O clima seguia tenso quando começou a cair a chuva, às 16h de hoje. Em reunião, os moradores pensavam em formas de mostrar que aquela situação não estava correta. Receberam integrantes da Comissão de Direitos Humanos da OAB (Ordem dos Advogados do Brasil) em Osasco. Um assessor do ouvidor da Polícia de São Paulo, Elizeu Soares Lopes, entrou em contato e pediu informações, conta um morador.
Segundo informado pela assessoria da Ouvidoria, o órgão está reunindo informações para “definir quais medidas serão adotadas”. Confirmou a conversa entre um assessor do ouvidor e o advogado dos moradores, que pretendem registrar um boletim de ocorrência descrevendo as violações supostamente cometidas pelos policiais.

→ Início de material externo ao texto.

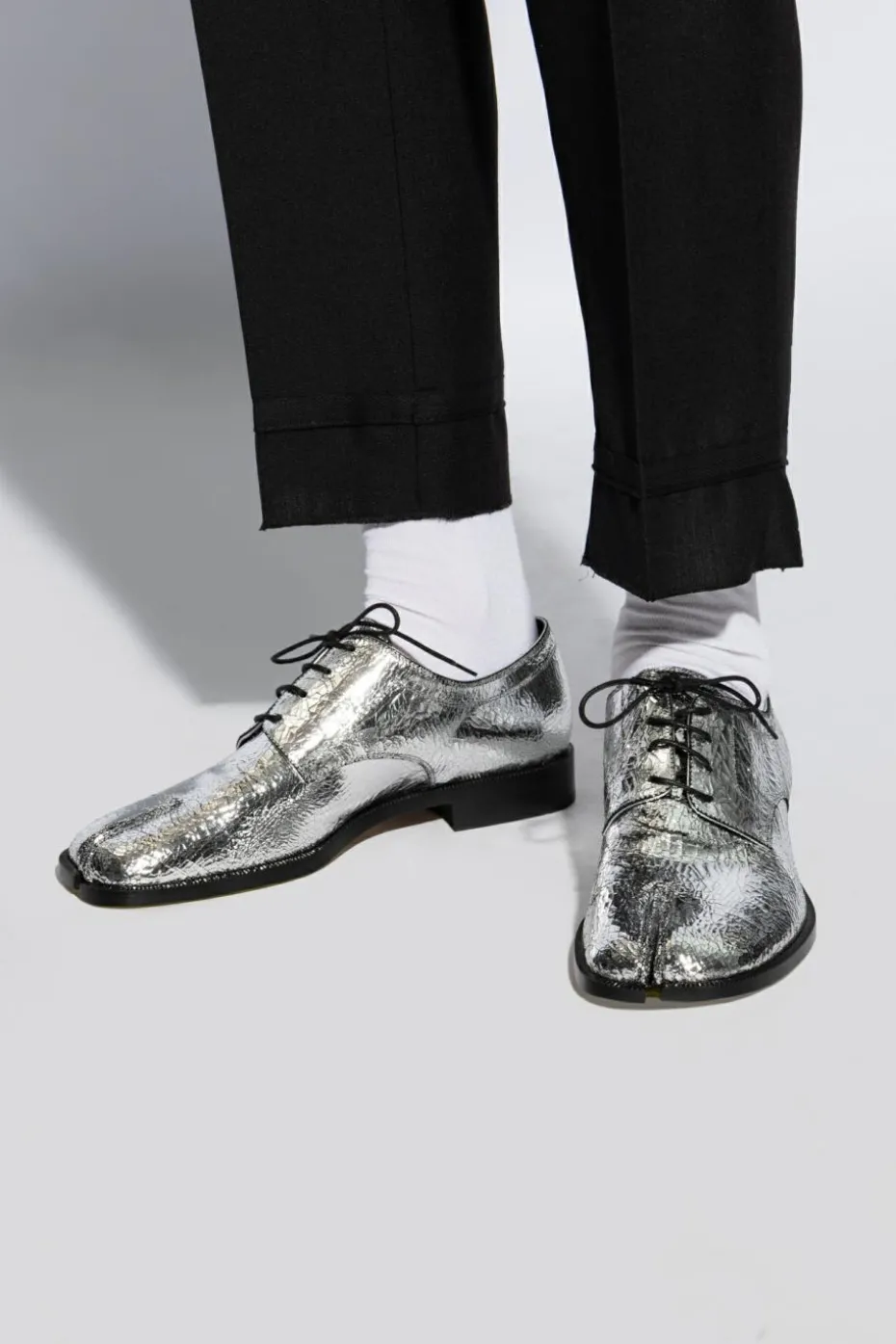 Maison Margiela SREBRNY Skórzane buty `Tabi`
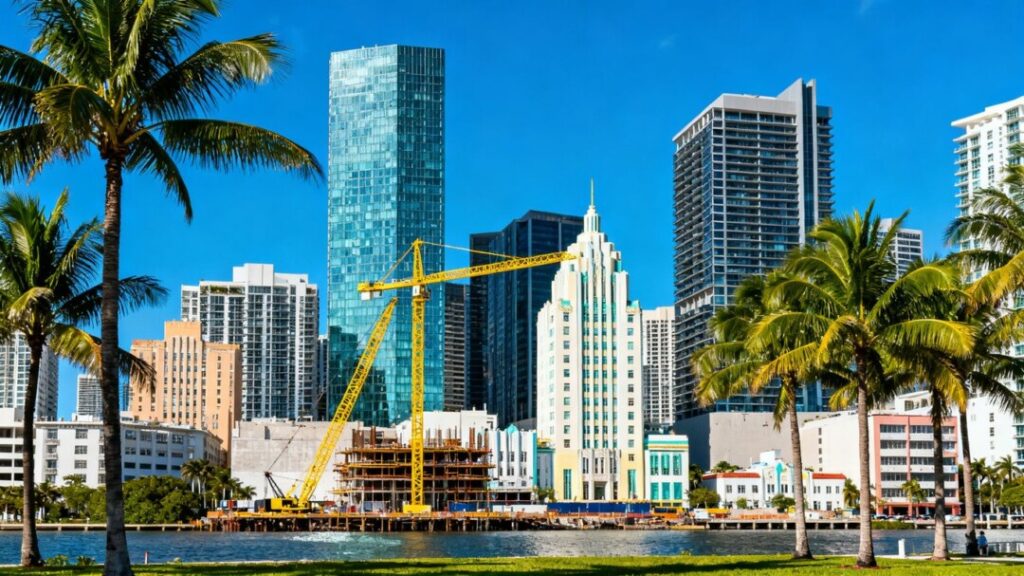 Miami-Dade cityscape with diverse development and construction.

A Ouvidoria afirma que espera a confecção do boletim antes de instaurar procedimento para acompanhar as investigações.
As informações compartilhada pelos moradores apontavam que os dois mortos eram primos. Lucas vivia na ocupação, enquanto Leonardo, morador da Vila Menck, também na periferia de Osasco, estava ali para visitá-lo. Ambos terão os corpos levados à Bahia, seu estado natal, para seus familiares velarem antes do enterro.
A revolta permanece. Sem o retorno prometido pelos policiais, os moradores decidiram se expressar. Pintaram uma faixa em que cobram o mínimo de dignidade por parte do braço armado do Estado.
O que diz o governo
A Ponte questionou a Secretaria da Segurança Pública de São Paulo, administrada pelo general João Camilo Pires de Campos neste governo de João Doria (PSDB), sobre a ação policial na Ocupação Esperança e os relatos de truculência feitos pelos moradores.
Em nota, a pasta se limitou a dizer que “todas as circunstâncias relativas aos fatos são investigadas por meio de Inquérito Policial Militar instaurado pelo batalhão que atende a área dos fatos e pelo Setor de Homicídios e Proteção à Pessoa de Osasco. As diligências prosseguem”.